2. A common layout convention is to split source lines at a set number of columns. What are the pros and cons of this? Is it useful?

As with many presentation concerns, there is no absolute answer; it is a matter of personal taste.

I like to split my code up so that it fits on an 80-column display. I’ve always done that, so it’s a matter of habit as much as anything else. I don’t disagree with people who like long lines, but I find long lines hard to work with. I set my editor up to wrap continuous lines rather than provide a horizontal scrollbar (horizontal scrolling is clumsy). In this environment, long lines tend to ruin the effect of any indentation.

As I see it, the main advantage of fixed column widths is not printability, as some would claim. It’s the ability to have several editor windows open side by side on the same display.

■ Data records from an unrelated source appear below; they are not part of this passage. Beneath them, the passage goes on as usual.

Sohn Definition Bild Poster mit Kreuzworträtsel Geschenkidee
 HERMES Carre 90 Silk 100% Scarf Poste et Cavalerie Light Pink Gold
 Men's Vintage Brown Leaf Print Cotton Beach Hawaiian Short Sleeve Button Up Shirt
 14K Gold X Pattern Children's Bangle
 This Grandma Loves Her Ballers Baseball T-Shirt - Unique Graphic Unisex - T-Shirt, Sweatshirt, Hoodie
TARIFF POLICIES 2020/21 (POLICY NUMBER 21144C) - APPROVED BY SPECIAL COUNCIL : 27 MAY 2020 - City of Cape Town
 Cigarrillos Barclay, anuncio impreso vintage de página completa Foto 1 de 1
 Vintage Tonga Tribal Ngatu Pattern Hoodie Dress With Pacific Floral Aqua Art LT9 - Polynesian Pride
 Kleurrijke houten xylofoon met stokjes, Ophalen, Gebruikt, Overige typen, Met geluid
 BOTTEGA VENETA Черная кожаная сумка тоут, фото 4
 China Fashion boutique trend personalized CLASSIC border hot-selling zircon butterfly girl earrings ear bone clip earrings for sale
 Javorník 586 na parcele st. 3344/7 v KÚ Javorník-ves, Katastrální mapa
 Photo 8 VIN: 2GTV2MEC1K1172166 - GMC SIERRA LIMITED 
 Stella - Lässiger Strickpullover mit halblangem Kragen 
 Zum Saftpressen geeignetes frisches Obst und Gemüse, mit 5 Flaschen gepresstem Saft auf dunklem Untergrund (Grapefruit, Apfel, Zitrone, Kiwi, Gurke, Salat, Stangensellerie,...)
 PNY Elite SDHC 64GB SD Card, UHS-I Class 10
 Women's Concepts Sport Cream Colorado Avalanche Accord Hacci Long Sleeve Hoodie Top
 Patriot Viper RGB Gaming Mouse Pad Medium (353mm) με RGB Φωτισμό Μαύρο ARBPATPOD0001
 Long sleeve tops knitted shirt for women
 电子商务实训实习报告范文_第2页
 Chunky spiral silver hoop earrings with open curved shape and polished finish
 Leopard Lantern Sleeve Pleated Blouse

In practice, C++ produces very long lines. It’s more verbose than C; you end up calling member functions on objects referenced by another object through a templated container. . . . There are strategies to manage the many, many, long lines this may lead to. You can store intermediate references in temporary variables, for example.

3. How detailed should a reasonable coding standard be?

a. How serious are deviations from the style? How many limbs should be amputated for not following it?

b. Can a standard become too detailed and restrictive? What would happen if it did?


Six limbs should be amputated for deviations from any coding standard.

The correct answer really depends on the exhaustiveness of the coding standard and the coding culture you work in. There are usually much bigger software problems to address than a misplaced bracket, but brackets are easier to moan about. I have seen many coding standards that are so prescriptive and paralyzing that the poor programmers have just plain ignored them. To be useful and to be accepted, a coding standard should provide a little room for maneuvering, perhaps with a best practice approach given as an example.

4. When defining a new presentation st